# Activity
Pictures aside, print all of the data below exactly as written.

# Data below
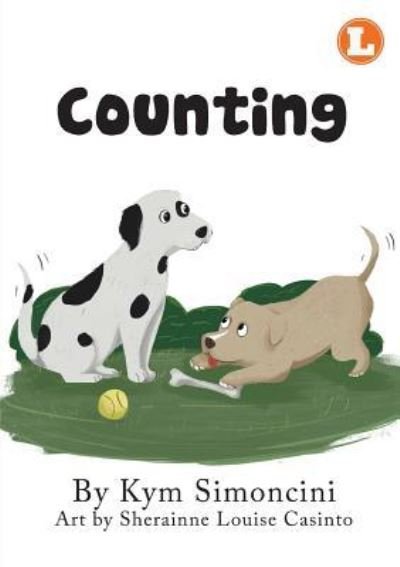Cover for Kym Simoncini · Counting (Pocketbok) (2018)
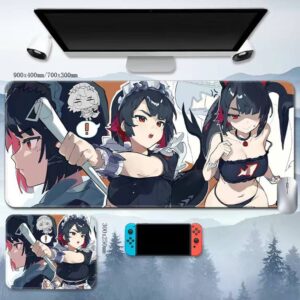 Zenless Zone Zero - Ellen Art Mouse Pad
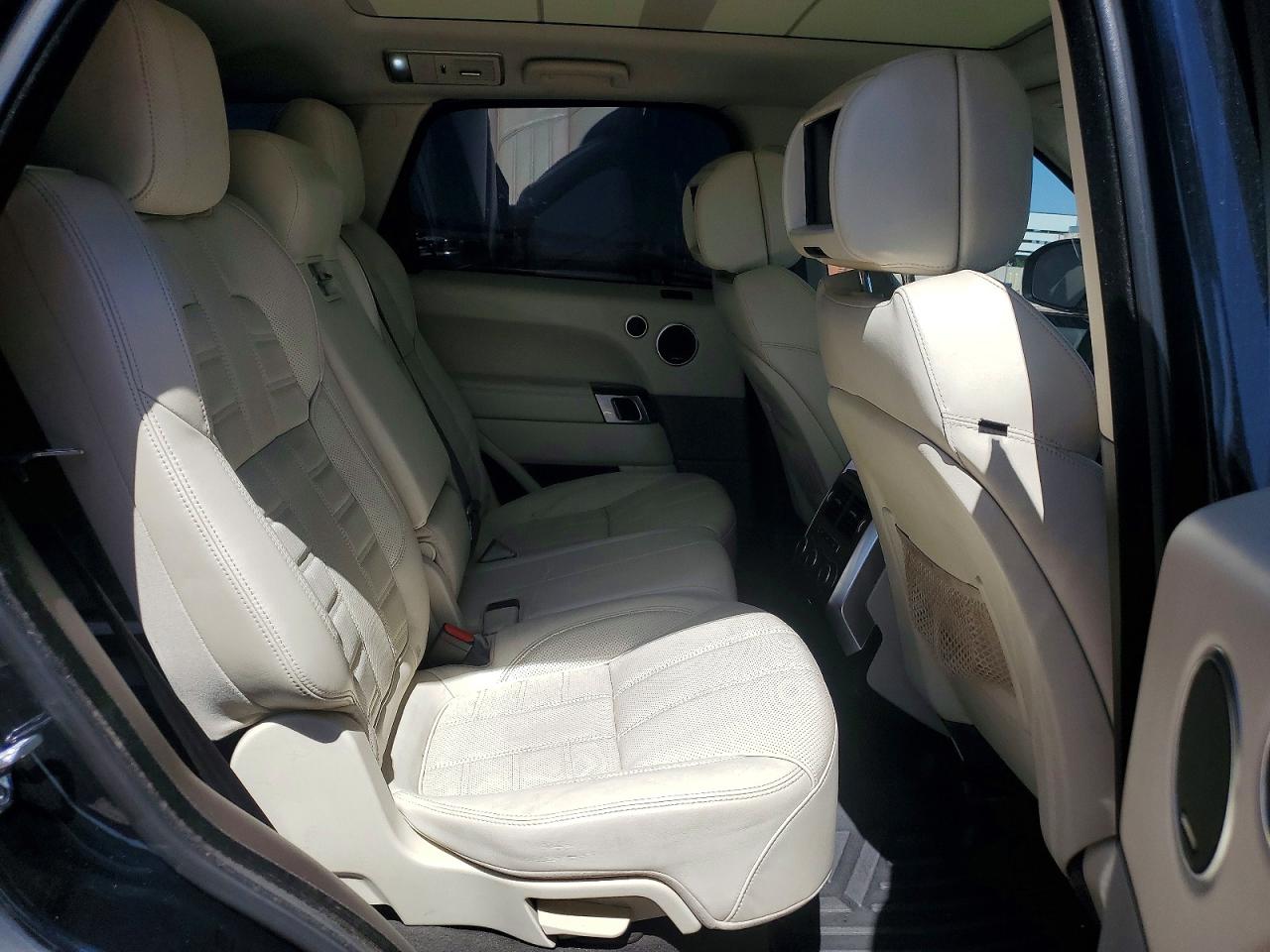 2014 Land Rover Range Rover Sport Autobiography Blue vin: SALWV2EF9EA337572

# Task solution
Cover for Kym Simoncini · Counting (Pocketbok) (2018)
 Zenless Zone Zero - Ellen Art Mouse Pad
 2014 Land Rover Range Rover Sport Autobiography Blue vin: SALWV2EF9EA337572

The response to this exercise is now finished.